**WORK TASK**. Scan the listing below for the word "from" and copy every line where it occurs.

Start of DATA FOR ANALYSIS

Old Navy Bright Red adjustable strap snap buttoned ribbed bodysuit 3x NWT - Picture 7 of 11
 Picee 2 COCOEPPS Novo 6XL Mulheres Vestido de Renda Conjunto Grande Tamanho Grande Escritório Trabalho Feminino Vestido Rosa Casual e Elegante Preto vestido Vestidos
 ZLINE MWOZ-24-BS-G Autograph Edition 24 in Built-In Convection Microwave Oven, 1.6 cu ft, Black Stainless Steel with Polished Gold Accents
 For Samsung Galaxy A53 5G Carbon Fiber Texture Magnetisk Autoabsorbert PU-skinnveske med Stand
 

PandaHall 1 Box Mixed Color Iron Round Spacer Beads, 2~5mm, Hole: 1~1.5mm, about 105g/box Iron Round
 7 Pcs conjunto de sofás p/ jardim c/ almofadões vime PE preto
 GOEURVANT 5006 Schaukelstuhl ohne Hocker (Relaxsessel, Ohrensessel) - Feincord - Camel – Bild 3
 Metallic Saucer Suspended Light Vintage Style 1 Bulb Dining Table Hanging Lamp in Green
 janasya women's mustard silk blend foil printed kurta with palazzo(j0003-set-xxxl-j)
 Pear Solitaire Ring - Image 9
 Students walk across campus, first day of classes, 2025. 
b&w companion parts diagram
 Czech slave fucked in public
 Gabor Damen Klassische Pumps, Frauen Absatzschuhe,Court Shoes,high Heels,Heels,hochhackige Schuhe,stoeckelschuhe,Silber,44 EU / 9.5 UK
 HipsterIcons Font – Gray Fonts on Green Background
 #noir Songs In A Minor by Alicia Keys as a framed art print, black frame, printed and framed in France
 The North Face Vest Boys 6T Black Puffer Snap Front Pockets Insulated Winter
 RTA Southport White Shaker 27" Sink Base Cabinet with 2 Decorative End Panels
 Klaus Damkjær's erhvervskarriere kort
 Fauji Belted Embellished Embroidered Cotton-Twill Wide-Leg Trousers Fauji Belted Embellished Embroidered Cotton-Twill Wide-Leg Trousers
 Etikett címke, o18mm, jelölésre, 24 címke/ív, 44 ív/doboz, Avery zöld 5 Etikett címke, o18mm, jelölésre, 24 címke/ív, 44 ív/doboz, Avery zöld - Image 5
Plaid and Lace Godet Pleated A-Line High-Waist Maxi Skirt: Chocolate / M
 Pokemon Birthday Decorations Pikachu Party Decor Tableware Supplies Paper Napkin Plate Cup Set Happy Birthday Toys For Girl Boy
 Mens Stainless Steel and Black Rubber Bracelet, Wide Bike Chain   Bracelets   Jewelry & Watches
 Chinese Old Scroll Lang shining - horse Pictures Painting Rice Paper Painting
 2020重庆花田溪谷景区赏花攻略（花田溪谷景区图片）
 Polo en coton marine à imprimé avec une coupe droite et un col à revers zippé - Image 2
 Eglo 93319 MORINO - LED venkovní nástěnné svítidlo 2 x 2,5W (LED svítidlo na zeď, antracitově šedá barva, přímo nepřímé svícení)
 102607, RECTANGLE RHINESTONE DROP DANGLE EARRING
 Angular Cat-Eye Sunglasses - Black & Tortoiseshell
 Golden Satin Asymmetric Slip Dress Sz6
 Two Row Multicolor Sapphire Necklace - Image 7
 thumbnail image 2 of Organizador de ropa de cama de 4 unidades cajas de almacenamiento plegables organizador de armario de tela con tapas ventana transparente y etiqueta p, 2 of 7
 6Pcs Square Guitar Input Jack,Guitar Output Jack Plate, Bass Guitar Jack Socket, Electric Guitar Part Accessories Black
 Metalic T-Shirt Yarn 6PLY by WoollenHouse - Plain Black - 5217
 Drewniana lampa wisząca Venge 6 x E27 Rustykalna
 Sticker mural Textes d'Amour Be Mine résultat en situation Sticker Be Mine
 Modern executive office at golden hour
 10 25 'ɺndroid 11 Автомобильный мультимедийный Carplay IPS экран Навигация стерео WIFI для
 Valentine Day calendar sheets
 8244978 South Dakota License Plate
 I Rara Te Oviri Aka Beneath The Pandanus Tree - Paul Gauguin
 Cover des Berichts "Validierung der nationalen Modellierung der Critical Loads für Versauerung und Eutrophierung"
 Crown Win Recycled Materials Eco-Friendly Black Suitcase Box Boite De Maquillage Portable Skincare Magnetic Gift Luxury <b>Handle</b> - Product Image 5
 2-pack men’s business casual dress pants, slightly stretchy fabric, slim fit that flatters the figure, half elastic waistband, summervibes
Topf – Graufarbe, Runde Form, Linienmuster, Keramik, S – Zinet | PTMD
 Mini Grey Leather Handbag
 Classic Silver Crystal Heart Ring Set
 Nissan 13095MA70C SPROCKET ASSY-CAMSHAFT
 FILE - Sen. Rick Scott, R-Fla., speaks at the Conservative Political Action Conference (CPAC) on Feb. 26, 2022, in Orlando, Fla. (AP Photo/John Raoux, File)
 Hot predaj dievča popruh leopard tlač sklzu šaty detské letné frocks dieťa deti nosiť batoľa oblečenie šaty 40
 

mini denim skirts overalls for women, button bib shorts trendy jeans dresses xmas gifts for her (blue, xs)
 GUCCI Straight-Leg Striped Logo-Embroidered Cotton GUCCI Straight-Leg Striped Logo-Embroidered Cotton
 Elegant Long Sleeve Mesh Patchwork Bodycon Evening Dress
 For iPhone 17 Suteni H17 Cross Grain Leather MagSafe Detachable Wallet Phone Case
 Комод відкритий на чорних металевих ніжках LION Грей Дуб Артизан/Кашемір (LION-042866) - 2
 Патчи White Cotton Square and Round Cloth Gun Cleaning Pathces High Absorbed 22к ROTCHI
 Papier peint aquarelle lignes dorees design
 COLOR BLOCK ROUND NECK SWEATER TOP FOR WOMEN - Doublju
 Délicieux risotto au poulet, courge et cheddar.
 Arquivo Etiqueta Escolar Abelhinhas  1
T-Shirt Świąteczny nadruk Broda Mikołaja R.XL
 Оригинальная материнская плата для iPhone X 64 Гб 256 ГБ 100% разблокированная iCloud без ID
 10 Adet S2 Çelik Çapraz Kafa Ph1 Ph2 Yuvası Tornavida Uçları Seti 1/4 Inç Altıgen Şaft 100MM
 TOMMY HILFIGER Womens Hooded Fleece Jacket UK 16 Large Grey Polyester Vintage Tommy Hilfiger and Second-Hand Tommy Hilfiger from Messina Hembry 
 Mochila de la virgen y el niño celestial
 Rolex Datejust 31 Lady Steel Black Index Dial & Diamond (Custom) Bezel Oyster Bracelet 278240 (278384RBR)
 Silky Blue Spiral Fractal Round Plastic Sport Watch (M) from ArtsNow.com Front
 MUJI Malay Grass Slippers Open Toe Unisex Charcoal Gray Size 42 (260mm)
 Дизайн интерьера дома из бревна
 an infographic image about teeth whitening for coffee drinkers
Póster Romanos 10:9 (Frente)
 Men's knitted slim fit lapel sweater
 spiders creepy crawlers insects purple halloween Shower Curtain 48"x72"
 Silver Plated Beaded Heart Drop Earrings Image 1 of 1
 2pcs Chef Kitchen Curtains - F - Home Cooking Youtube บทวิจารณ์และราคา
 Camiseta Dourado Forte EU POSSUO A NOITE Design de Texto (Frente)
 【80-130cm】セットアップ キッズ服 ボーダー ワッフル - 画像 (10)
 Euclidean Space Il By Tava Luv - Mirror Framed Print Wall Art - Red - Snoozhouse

End of DATA FOR ANALYSIS

**RESULT FOR THIS TASK**.
 TOMMY HILFIGER Womens Hooded Fleece Jacket UK 16 Large Grey Polyester Vintage Tommy Hilfiger and Second-Hand Tommy Hilfiger from Messina Hembry 
 Silky Blue Spiral Fractal Round Plastic Sport Watch (M) from ArtsNow.com Front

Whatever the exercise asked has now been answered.